Joe Biden framed his decision to pardon his son as something any parent would do—if they happened to be the most powerful person in the country. “I hope Americans will understand,” he said in a statement announcing his pardon of Hunter Biden, “why a father and a President would come to this decision.”
That decision—a direct reversal of his many explicit promises not to intervene in his son’s legal proceedings—came weeks before his son was to face sentencing for his felony tax and gun convictions, and in the final stretch of a presidency that was premised, initially, on the restoration of democratic norms that had been eroded by predecessor Donald Trump. In a statement announcing the pardon Sunday night, Biden suggested Hunter’s prosecution was part of that attack on convention. “No reasonable person who looks at the facts of Hunter’s cases can reach any other conclusion than Hunter was singled out only because he is my son,” Biden wrote, “and that is wrong.”

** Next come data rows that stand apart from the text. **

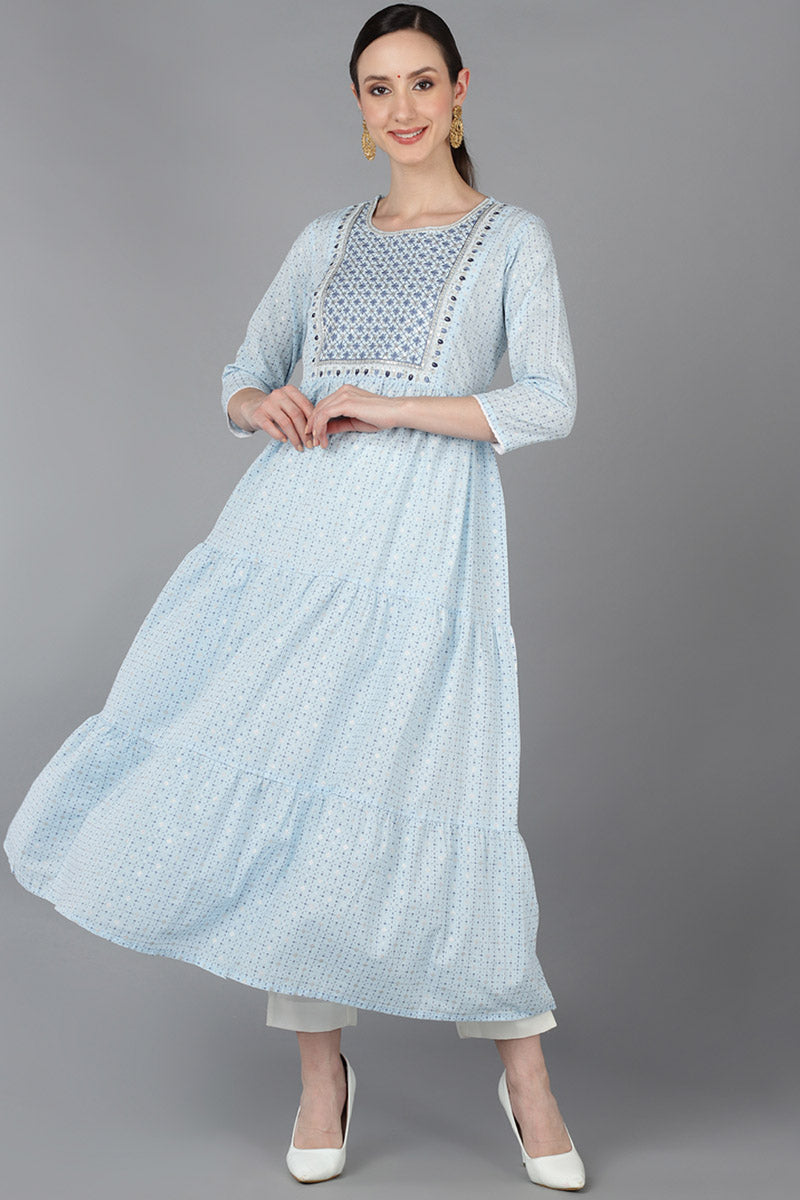Blue Cotton Yoke Design Abstract Printed Flared Kurta VCK8934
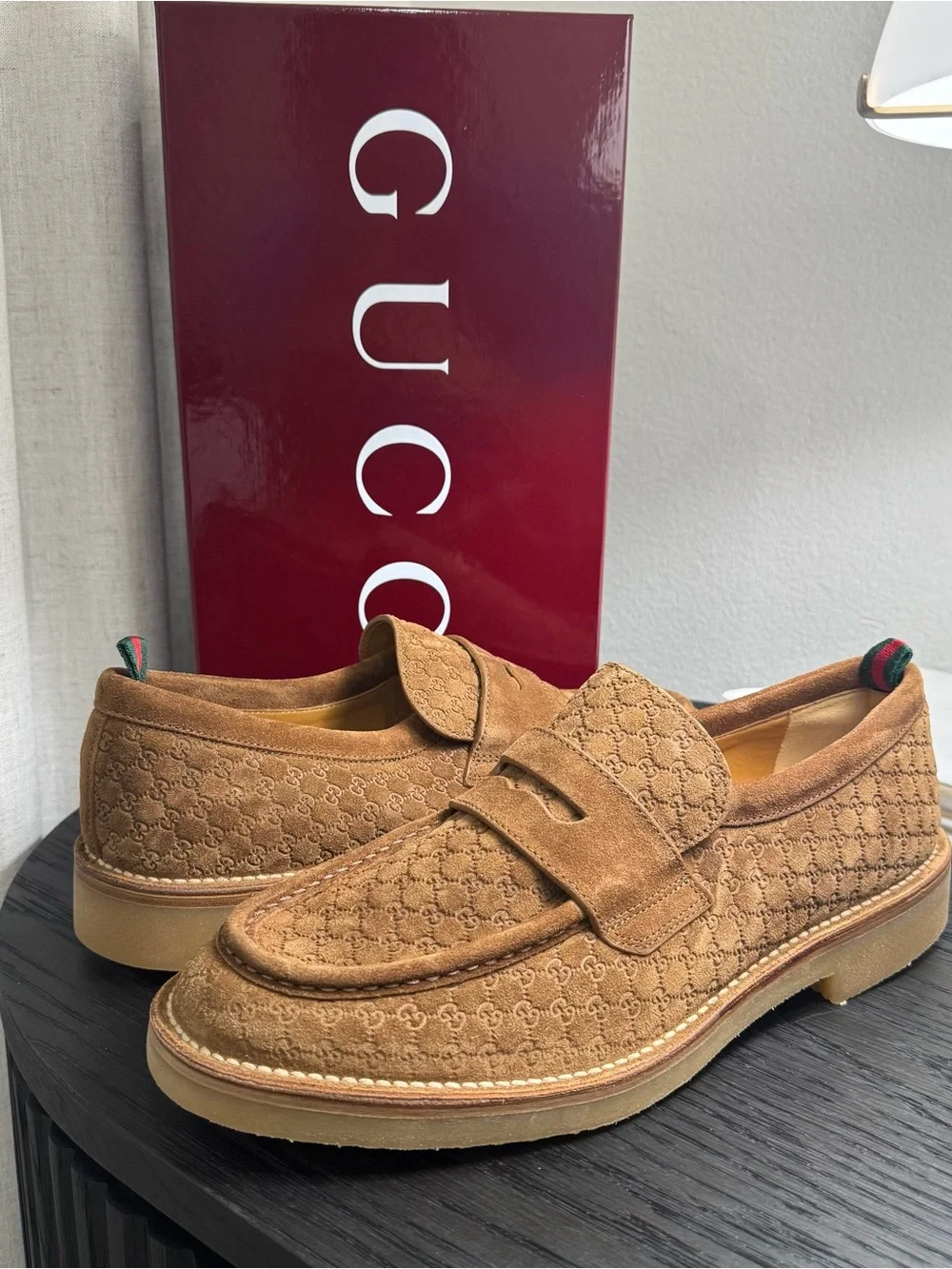 Gucci Moreau GG Monogram Penny Loafers Brown Suede 12
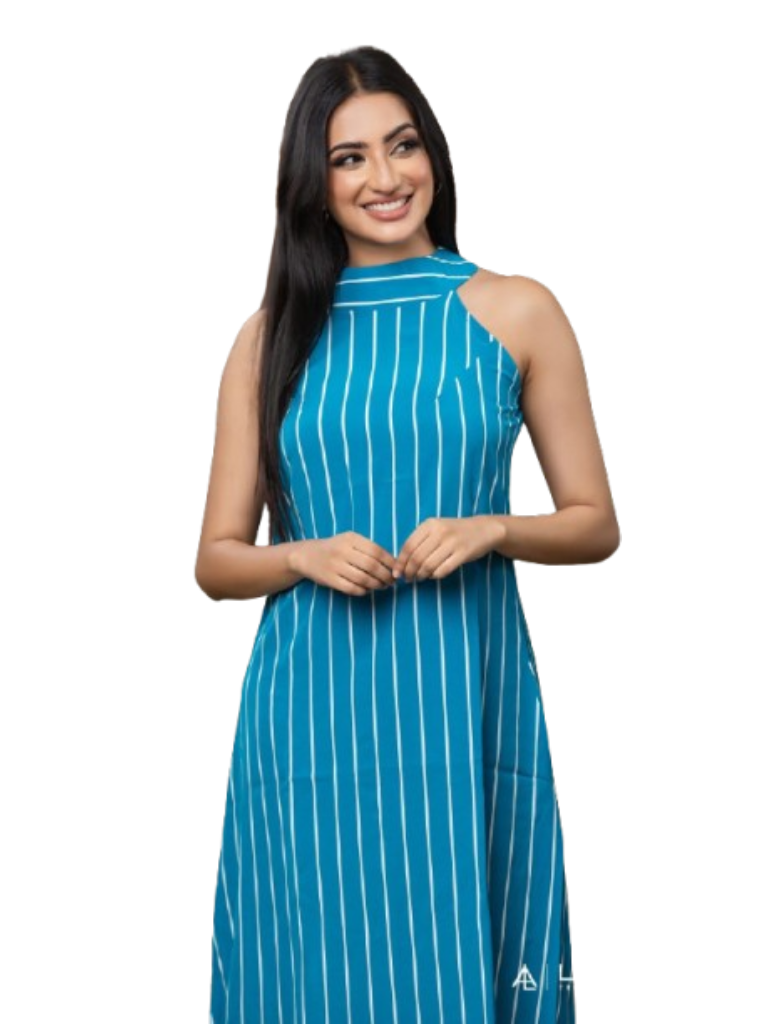 Ladies Stripe Short Dress BLUE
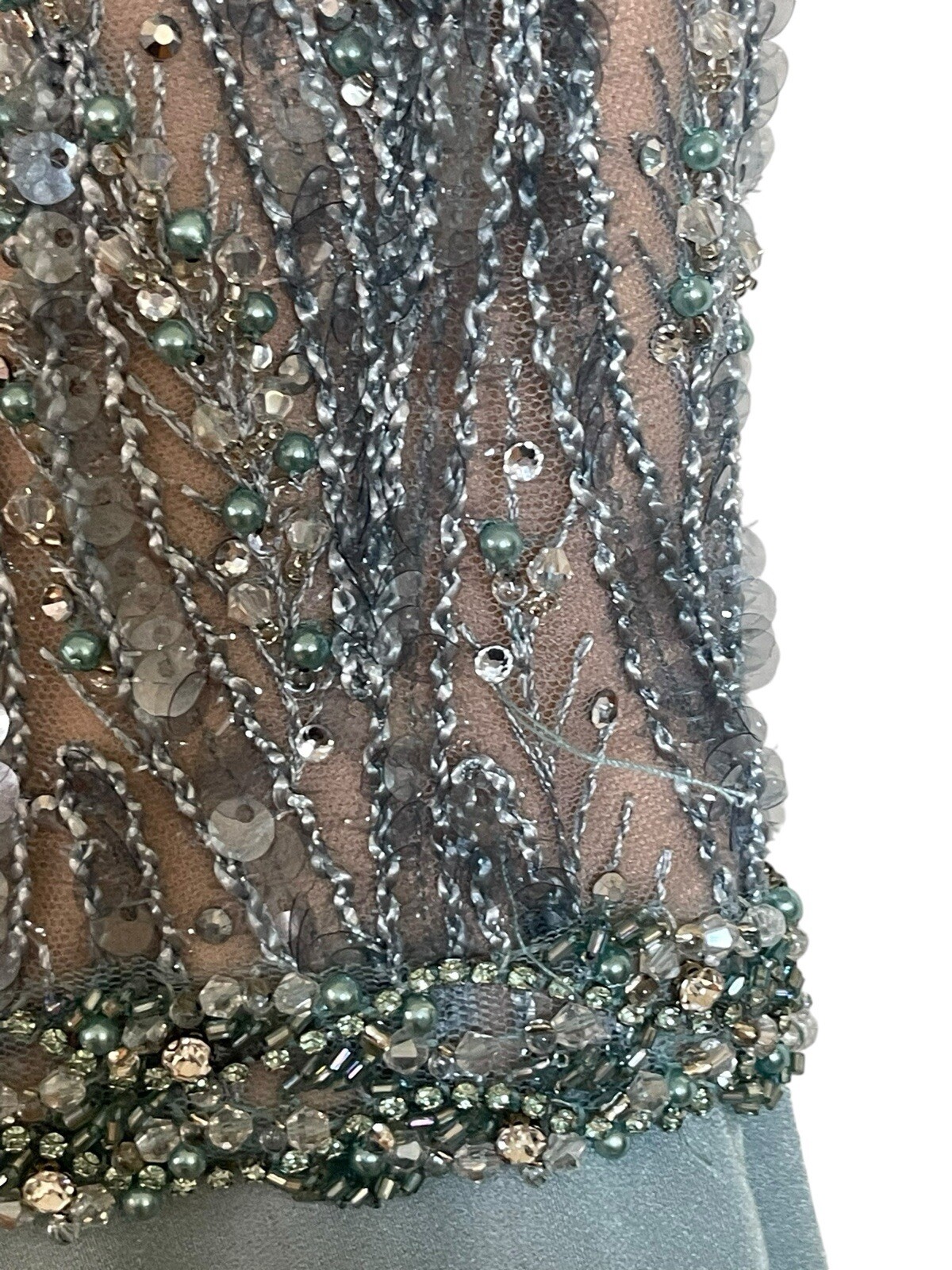 Mac Duggal Gown Dress Size 2 Embellished Beaded Cap Sleeves Sea Mist 79298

But while it is true that Trump and his allies on Capitol Hill targeted Hunter Biden for political gain—investigating him relentlessly in bad faith—the actual charges against the president’s son were brought by his very own Justice Department. Hunter Biden entered a guilty plea, and, after it fell apart, he was convicted by a jury of his peers. Joe Biden said, over and over again, that he had faith in the legal process and that he would respect its results. So did his surrogates. “Our answer stands,” White House press secretary Karine Jean-Pierre said just last month, when asked if Trump’s election would change Biden’s decision around a pardon. “No.”
In now attacking the legal system, and shielding his son from its consequences, the president hasn’t just gone back on his “word as a Biden”—he’s betrayed the very principles he ran on. Biden entered office talking about respecting norms, institutions, and the public trust; he’s on his way out echoing Trump’s complaints about a weaponized legal system and issuing a “full and unconditional pardon” to his son for any crimes he may have committed in the last decade.

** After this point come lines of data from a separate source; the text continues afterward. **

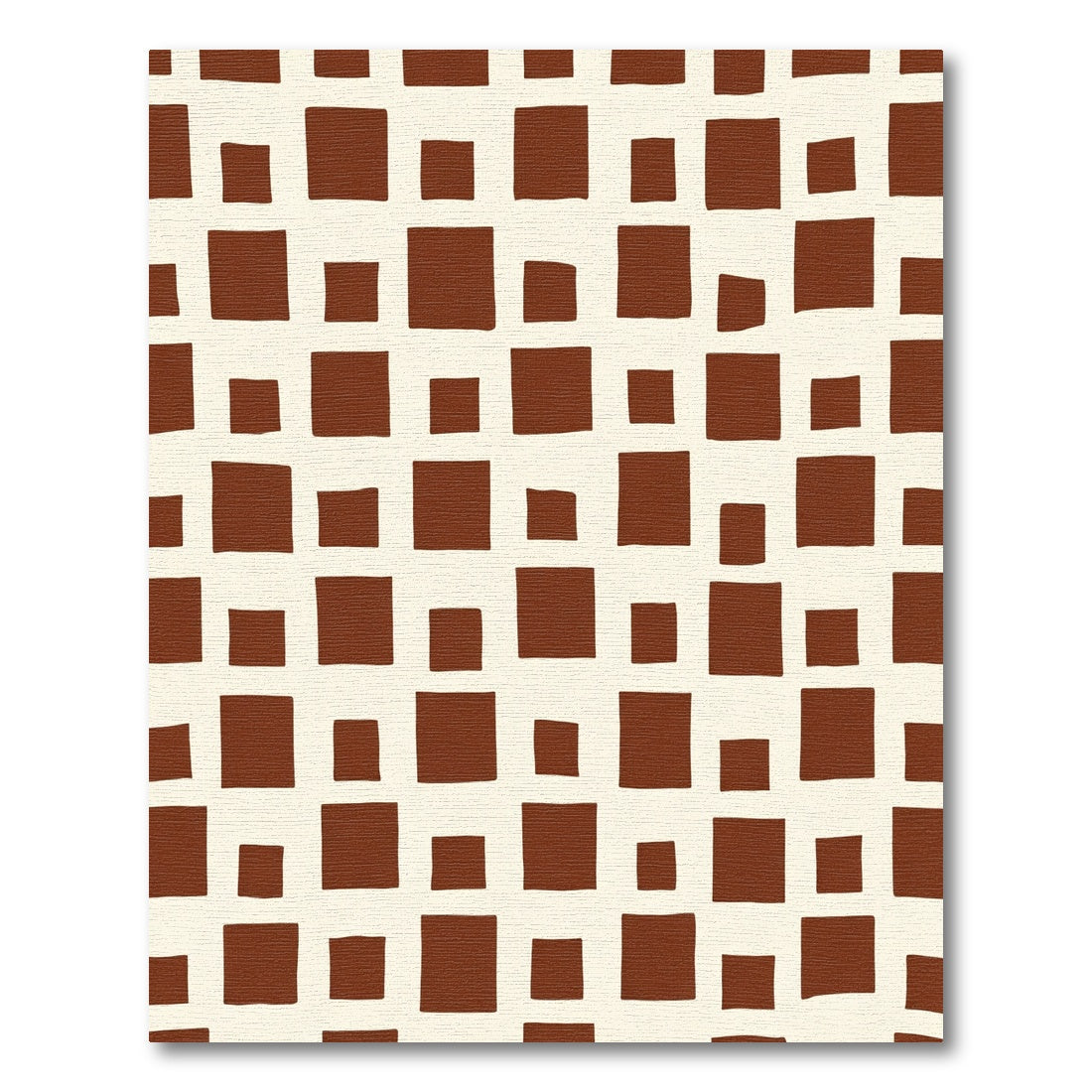 Brown Square Grid Blocks Rug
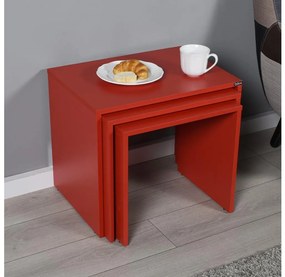 Adore Furniture KÉSZLET 3x Kávésasztal piros AD0131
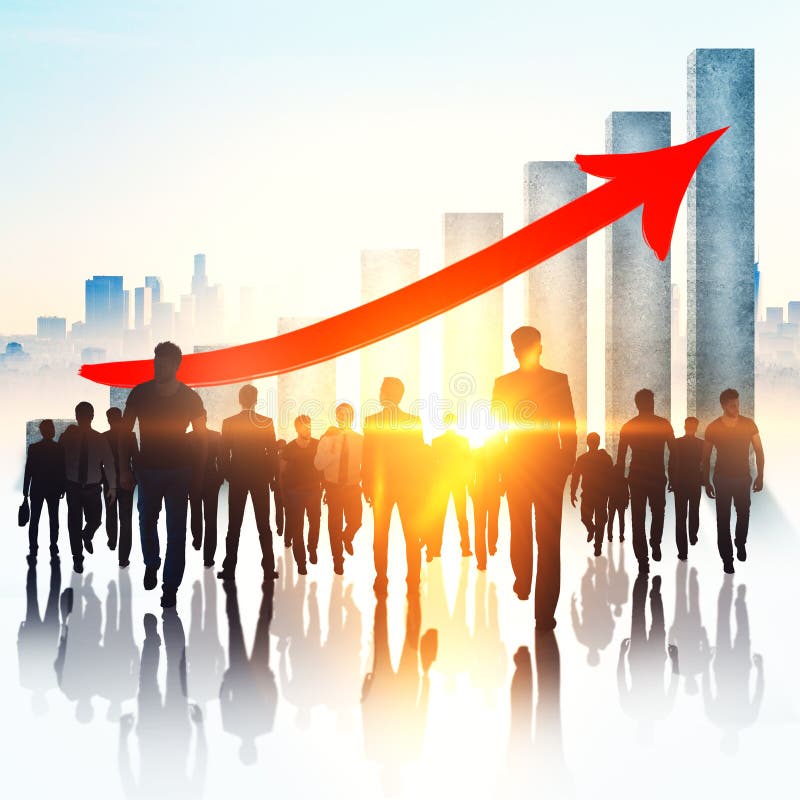Concetto di lavoro di squadra, di crescita e di occupazione illustrazione vettoriale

He tried to justify this obvious hypocrisy by emphasizing Hunter’s personal troubles, by suggesting his own stature made his son a victim of “selective” prosecution, and by noting Republicans have long been trying to capitalize on his son’s malfeasance to advance their political prospects. “I believe in the justice system,” he wrote, “but as I have wrestled with this, I also believe raw politics has infected this process and it led to a miscarriage of justice.”
“It is clear,” Biden said, “that Hunter was treated differently.”
That much is true—just not in the way that Biden meant.
The personal has always been political for Joe Biden. The tragedies that marked his private life have formed the core of his public identity, and not so long ago made him seem the man for a moment of national grief: Amid a raging pandemic and civil unrest, here was a “consoler-in-chief” whose pain was supposed to make him uniquely capable of empathizing with the pain of the country. But the flip side of empathy, in Biden’s case, has been hubris. Over the past year, Biden seemed to be a man increasingly unable to distinguish his own interests from those of the nation—even to the detriment of his own stated project of protecting of American democracy.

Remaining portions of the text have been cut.